Regular people who call themselves “terrible travelers” may want to be careful.
Many run-of-the-mill flyers may be raising red flags without knowing, according to the Transportation Security Administration’s controversial Screening of Passengers by Observation Techniques (SPOT) program.
Under the program, which is designed to pick out travelers who could be potential terrorists, specially trained TSA officers are deployed to watch and interact with passengers going through security screening at airports, working off of a checklist of signs provided by the SPOT program. The checklist, which isn’t classified but strongly protected by the agency, was obtained by the Intercept — and the behavioral clues are, interesting.
The odds that the average, non-terrorist traveler does one or some of the things on the checklist — including “throat clearing,” “gazing down” or “excessive complaints about the screening process” — are high.
Furthermore, the SPOT program has faced scrutiny before for being ineffective.
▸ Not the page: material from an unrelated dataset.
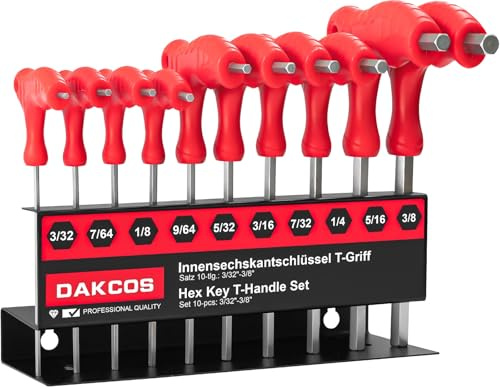 DAKCOS Juego de 10 llaves Allen con mango en T, juego de llaves hexagonales imperiales de 2/32 inch a 3/8 inch, con estante de almacenamiento, Cr-V
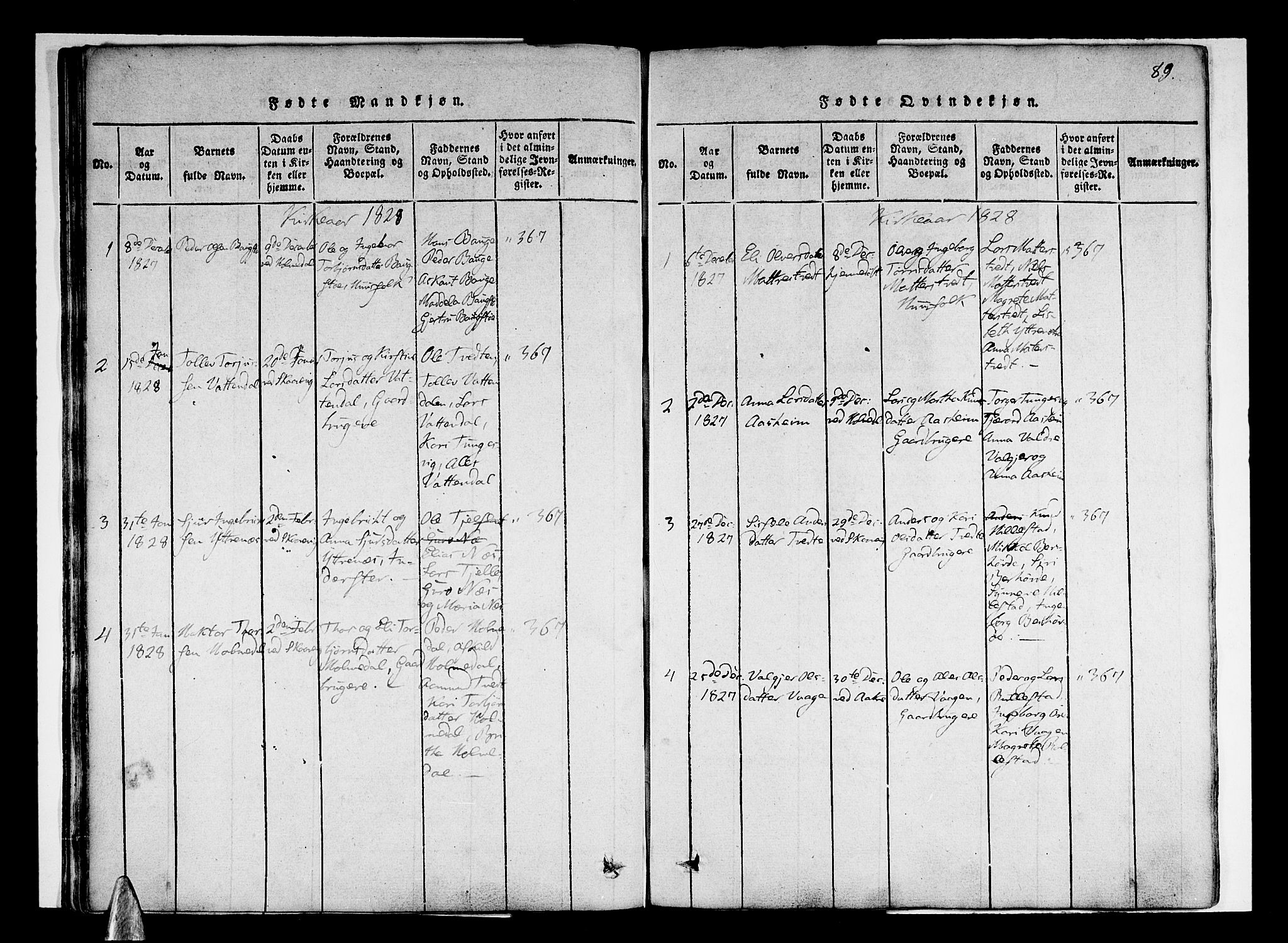 Skånevik sokneprestembete, AV/SAB-A-77801/H/Haa: Parish register (official) no. A 3, 1815-1828, p. 89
The Department of Homeland Security’s inspector general found in 2013 that TSA, “cannot ensure that passengers at United States airports are screened objectively, show that the program is cost-effective, or reasonably justify the program’s expansion.”
“Behavior detection, which is just one element of the Transportation Security Administration’s (TSA) efforts to mitigate threats against the traveling public, is vital to TSA’s layered approach to deter, detect and disrupt individuals who pose a threat to aviation,” a spokesperson said in an emailed statement to the Intercept.